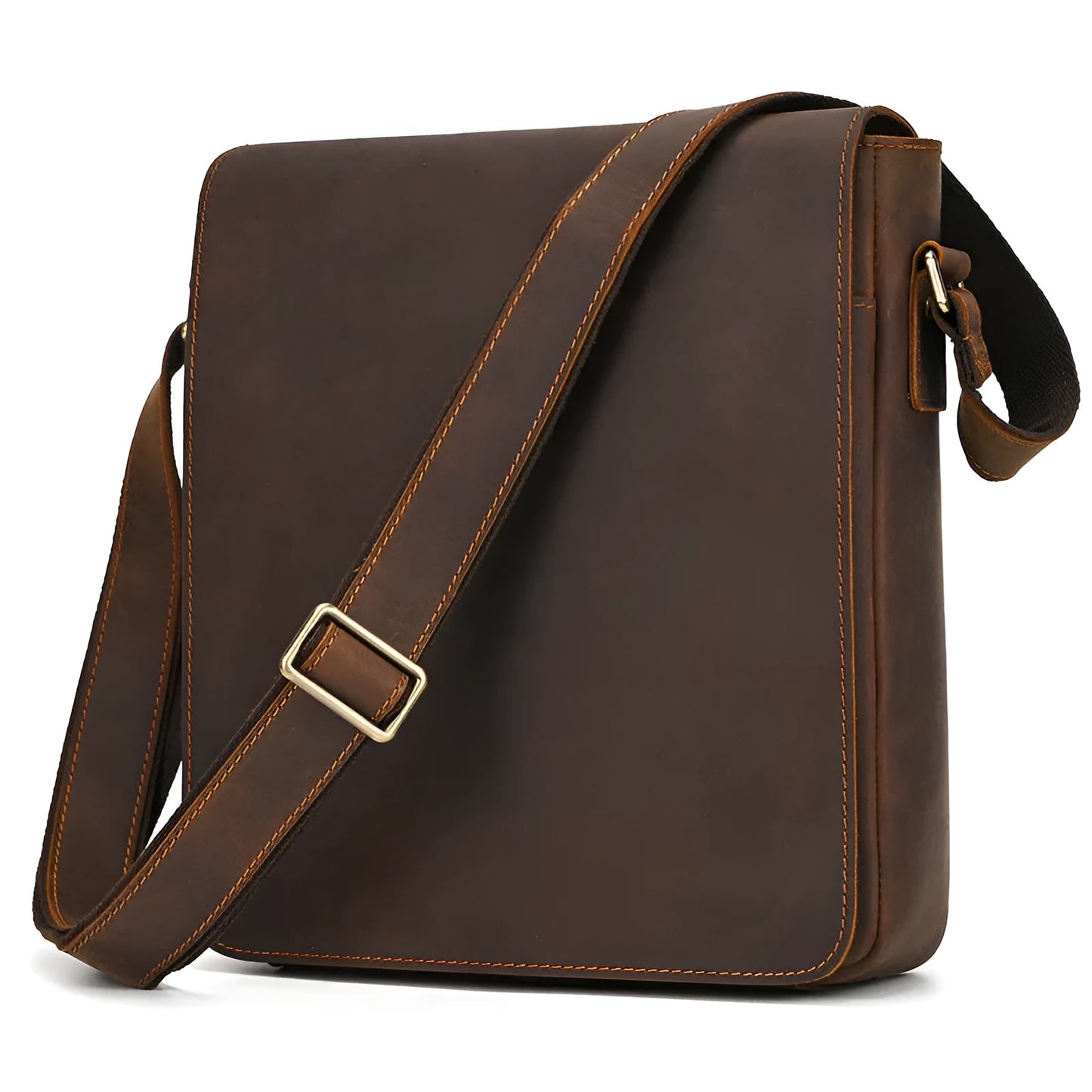 Men's brown first layer cowhide leather shoulder bag with crossbody strap and visible sewing line details.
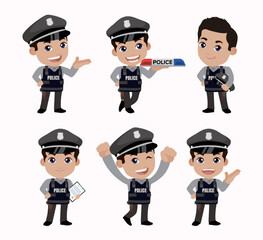 Cute policeman with different poses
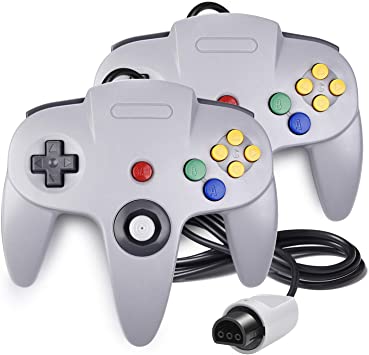 2 Pack N64 Controller, iNNEXT Classic Wired N64 64-bit Gamepad Joystick for Ultra 64 (Gray)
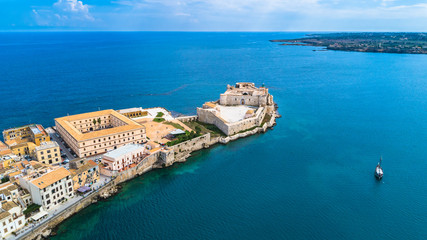 Aerial. Ortigia a small island which is the historical centre of the city of Syracuse, Sicily. Italy.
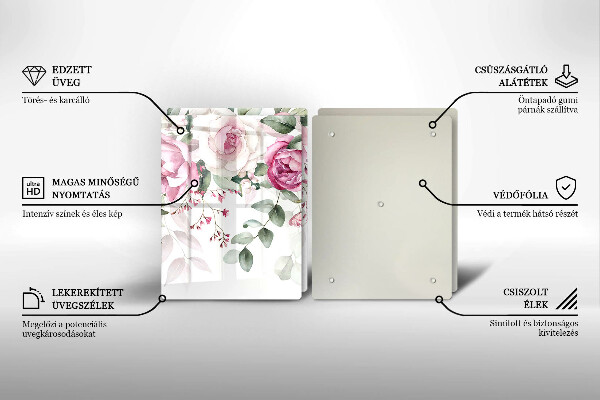 Tagliere in vetro temperato Rose dell'acquerello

▶ [TO DO] Every record is to be reproduced exactly, with no pictures included.

▶ [RESULT FOR THIS TASK]
 Men's brown first layer cowhide leather shoulder bag with crossbody strap and visible sewing line details.
 Cute policeman with different poses
 2 Pack N64 Controller, iNNEXT Classic Wired N64 64-bit Gamepad Joystick for Ultra 64 (Gray)
 Aerial. Ortigia a small island which is the historical centre of the city of Syracuse, Sicily. Italy.
 Tagliere in vetro temperato Rose dell'acquerello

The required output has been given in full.